All battles change history. A scant few have world-historical impact. The Battle of Tsushima (1905) falls into the latter category. This encounter in the waters separating Japan from Korea pitted the Imperial Japanese Navy’s (IJN) Combined Fleet against the Russian Second Pacific Squadron, a.k.a. its Baltic Fleet. Tsushima delivered “command of the sea” to the victor, cementing Imperial Japan as Asia’s predominant indigenous power while sweeping Russian sea power from the Far East for generations to come. The battle also etched itself on IJN culture as the way to combat a stronger yet faraway foe. And, not least, Tsushima began reversing centuries of European imperial dominance of Asia.

This was a tectonic clash in both military and cultural terms.

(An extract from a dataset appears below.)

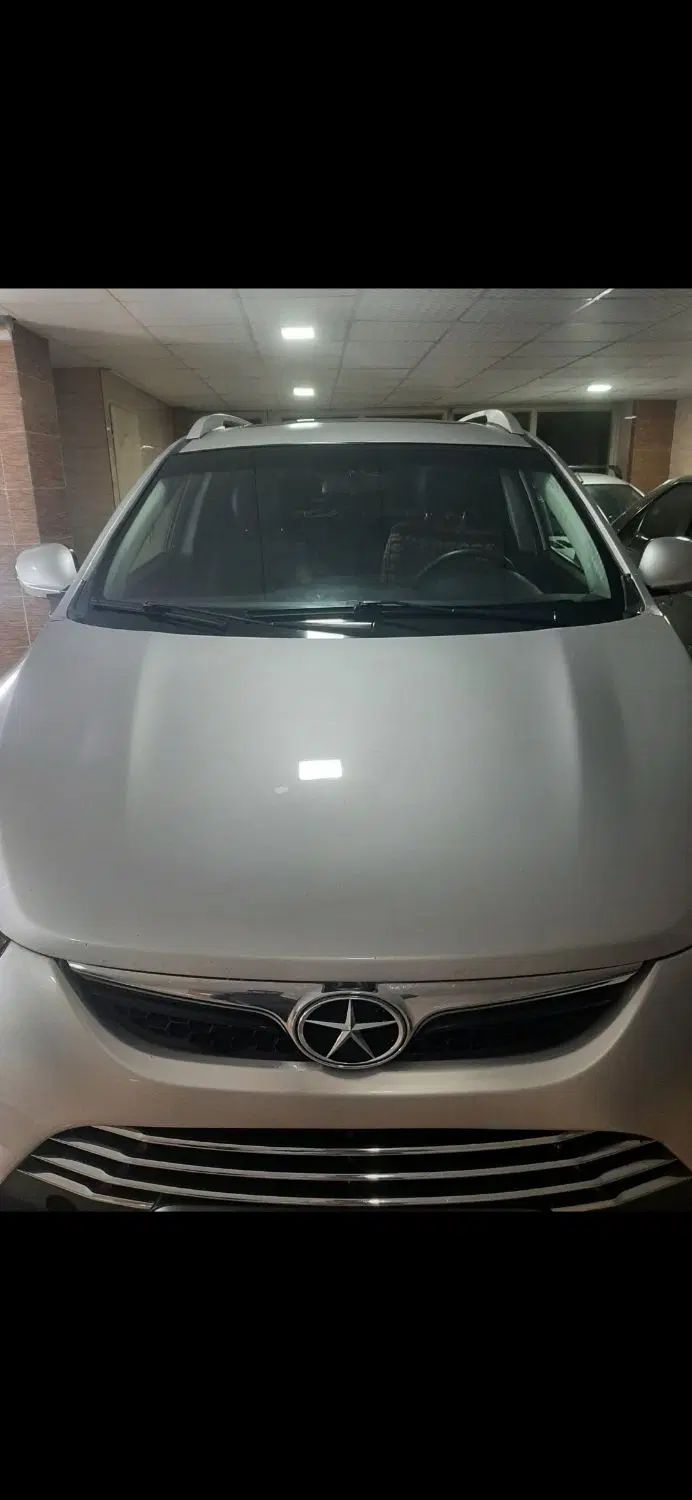 خودرو جک، S5 آگهی ann_20279617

Japan Annihilated the Russian Navy at Tsushima

First, the immediate results. Command of the sea, of course, is a phrase most commonly associated with nautical sage Alfred Thayer Mahan. Mahan defined command as “overbearing power on the sea which drives the enemy’s flag from it, or allows it to appear only as a fugitive; and which, by controlling the great common, closes the highways by which commerce moves to and from the enemy’s shores.” He concludes that “this overbearing power can only be exercised by great navies.” The Mahanian concept connotes permanent, absolute control of important expanses. A multitude of options come with command, from squelching a foe’s seagoing trade to bring the economic hurt, to mounting amphibious landings on hostile shores, to opening new combat theaters to stretch out, divide, and enfeeble defenders.

Winning command is a blessing.

Alongside the Royal Navy’s triumph at the Battle of Trafalgar (1805), Tsushima set the gold standard for Mahanian maritime command. After the Russian Navy lost its Pacific Squadron to Japanese arms in the Yellow Sea in the summer of 1904, Tsar Nicholas II dispatched the Baltic Fleet on an epic 18,000-mile voyage from northern Europe to the combat theater via the Cape of Good Hope, the Indian Ocean, and the South China Sea. Impoverished of logistical support—Great Britain, which controlled the vast majority of naval coaling stations on the route to Asia, was an ally of Japan—the exhausted and dispirited Baltic Fleet arrived in the Tsushima Strait on May 27, 1905, only to confront a freshly refitted and well-rested IJN Combined Fleet prowling home waters. Overseeing the Japanese fleet was Admiral Heihachirō Tōgō, who ranks among naval history’s most famed commanders. Two days of gunfire and torpedo attacks left the vast bulk of the Baltic Fleet captured or strewn across the seafloor. Its few remnants fled to Vladivostok or neutral seaports, there to pose no further threat to Japanese sea command.

Japanese ground forces rumbled on to victory in the Russo-Japanese War, their maritime supply lines from the home islands safe.

The Tsushima Doctrine Led Directly to Pearl Harbor

Second, institutional culture. Fury greeted the peace settlement among the Japanese populace, chiefly because the political leadership in Tokyo had led them to believe St. Petersburg would deliver a massive indemnity to repay the sacrifices ordinary Japanese had made during the war. Japanese arms prevailed—but not in such resounding fashion that Russia would accept such humiliation. Rioting convulsed the island nation.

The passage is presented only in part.